## Input material
**********

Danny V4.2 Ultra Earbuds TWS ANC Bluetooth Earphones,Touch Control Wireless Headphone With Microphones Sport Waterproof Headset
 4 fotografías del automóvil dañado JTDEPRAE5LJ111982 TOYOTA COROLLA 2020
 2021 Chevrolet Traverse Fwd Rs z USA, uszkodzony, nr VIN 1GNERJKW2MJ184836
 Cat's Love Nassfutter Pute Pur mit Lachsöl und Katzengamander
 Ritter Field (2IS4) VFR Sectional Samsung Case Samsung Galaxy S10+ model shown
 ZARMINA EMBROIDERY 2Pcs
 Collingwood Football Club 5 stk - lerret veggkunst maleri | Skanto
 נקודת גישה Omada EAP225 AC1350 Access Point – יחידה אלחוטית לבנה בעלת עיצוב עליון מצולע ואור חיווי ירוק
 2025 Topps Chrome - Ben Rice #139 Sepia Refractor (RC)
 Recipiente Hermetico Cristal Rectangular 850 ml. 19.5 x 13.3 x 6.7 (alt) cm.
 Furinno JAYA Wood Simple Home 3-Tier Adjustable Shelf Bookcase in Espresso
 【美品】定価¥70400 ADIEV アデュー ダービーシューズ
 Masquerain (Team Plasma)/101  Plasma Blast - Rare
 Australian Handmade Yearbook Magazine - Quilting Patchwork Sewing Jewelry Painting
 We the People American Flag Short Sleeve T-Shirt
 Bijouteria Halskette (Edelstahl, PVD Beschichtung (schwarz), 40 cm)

**********

An exact copy of every line from the one containing "Recipiente Hermetico Cristal" through the last line of the entries is required; please add nothing.

## Worked solution
 Recipiente Hermetico Cristal Rectangular 850 ml. 19.5 x 13.3 x 6.7 (alt) cm.
 Furinno JAYA Wood Simple Home 3-Tier Adjustable Shelf Bookcase in Espresso
 【美品】定価¥70400 ADIEV アデュー ダービーシューズ
 Masquerain (Team Plasma)/101  Plasma Blast - Rare
 Australian Handmade Yearbook Magazine - Quilting Patchwork Sewing Jewelry Painting
 We the People American Flag Short Sleeve T-Shirt
 Bijouteria Halskette (Edelstahl, PVD Beschichtung (schwarz), 40 cm)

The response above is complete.